Sarah refers to herself as an “old maid” and seems to doubt
whether that will ever change, although she does confide to Delia that, I always thought someone would love me
sometime. Sarah puts those emphases on “love” and “sometime”
herself, and one can detect the wryness in her comment, since at this point it
appears that it’s possible the only one who will love her is a woman 400 miles
away whom she has never met. However, Sarah cannot yet know that her life will
change dramatically when her mother dies before the end of the year. Just a
year after that, this Old Maid marries Wilbur Chandler (she is 30, he is 25)
and eventually has three daughters.
In the late evening of January 8, 1864, Sarah puts down her
pen, looks over her letter to be sure that the ink is dry, then folds it to
form its own envelope. The next morning she will take it to the post office and
send it on its way to her cousin in western New York.
At first, Sarah’s letter appears to be breezy and
superficial. But oh what history it tells us without her knowing it! Her
writing about day-to-day happenings puts a family face on the national events
that must have weighed so heavily on everyone at that time.
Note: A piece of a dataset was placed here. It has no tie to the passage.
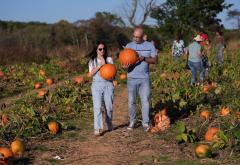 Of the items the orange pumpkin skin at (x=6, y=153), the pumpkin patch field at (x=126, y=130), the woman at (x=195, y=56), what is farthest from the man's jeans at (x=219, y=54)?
the orange pumpkin skin at (x=6, y=153)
All these families
had endured losing babies and the elderly. Now they were losing their young
men, as well. Such hauntings those family losses must have left! We are
fortunate to have letters that reveal some of the real family life and love behind
all that is not said.
3 comments:
Sue,
AND we are fortunate that you took so much time to transcribe, research and truly LOOK into the lives of our long dead cousins.
Another group I wish I could have shared a cup of tea with!
Excellent work on this story--love it!
A Charming report! And a lot of work went into that ! it really "fleshes"out the letter to have you add the final items! I am so grateful to you! Mom
Susan,
I am flabbergasted by the amount of work you have done with this story! The copying and reading of the letter itself was a project. But the added bits of information brought my ancestors and their children and lives alive to me.
Thank you so much for this thoughtful essay.